One of the really cool things about Australia is that we have a LOT of parks. They’re everywhere – dog parks, kid parks, barren parks, parks filled with leafy greens and leafy browns (that some would call bushland).
The Councils install exercise machines in many of these parks – things like pull-up bars, dip bars, stationary bikes, even cross-trainers if they’re feeling fancy. You don’t need to be able to afford a gym membership to work out here (not that you do anywhere really – all you need to do is let go of your excuses and you’re away laughing, or running, whichever works for you). We also have an incredible climate, so there is rarely an excuse not to get outdoors and reap the benefits of movement and vitamin D.

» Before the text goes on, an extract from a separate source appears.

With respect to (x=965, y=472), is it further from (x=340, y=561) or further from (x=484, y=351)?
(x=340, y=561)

I was out walking Daisy recently when I saw a very overweight man using an ab machine the Council had so thoughtfully installed. This man was doing crunches, a lot of them. Daisy is a very slow walker (bad hips and knees, you see), and from the time I spotted him in the distance, up until the time we had passed him, he never stopped crunching.
The first thought that came into my head (the kind of thought that just appears without any warning) was “What a waste of time”. I then caught myself being judgemental and thought “At least he’s out here doing something!”
I then got into a full-blown argument with myself, which went something like this:
“Yeah he’s out there doing something, but he could be putting in the same effort with a more reward yielding exercise.”
“Maybe he enjoys doing crunches!”
“No one enjoys doing crunches!”
“Perhaps it’s all he can manage right now?”
“There is a better way to do it.”
I had to stop and shut myself down, because there will ALWAYS be a better way to do it. Unless you are a professional athlete with the employ of elite-level world-class coaches, there will always be a better, more effective way. But you know what trumps optimal? Practical.
With general population trainees, practical will win over optimal every day.
While I may not think that doing crunches in the park is the most optimal, I am most definitely not in the position to decide whether it is the most practical for this man. Perhaps crunches make him feel a sense of achievement and feel good about himself? Perhaps, with his seemingly limited amount of knowledge, this IS the most practical thing for him right now. At least this man is out there doing SOMETHING. It is hopefully the start of an ever-evolving journey for him. If he can use doing crunches to set up an on-going habit of just doing, then the fine-tuning can always come later.
Good on you, man at the park! Good on you for just DOING!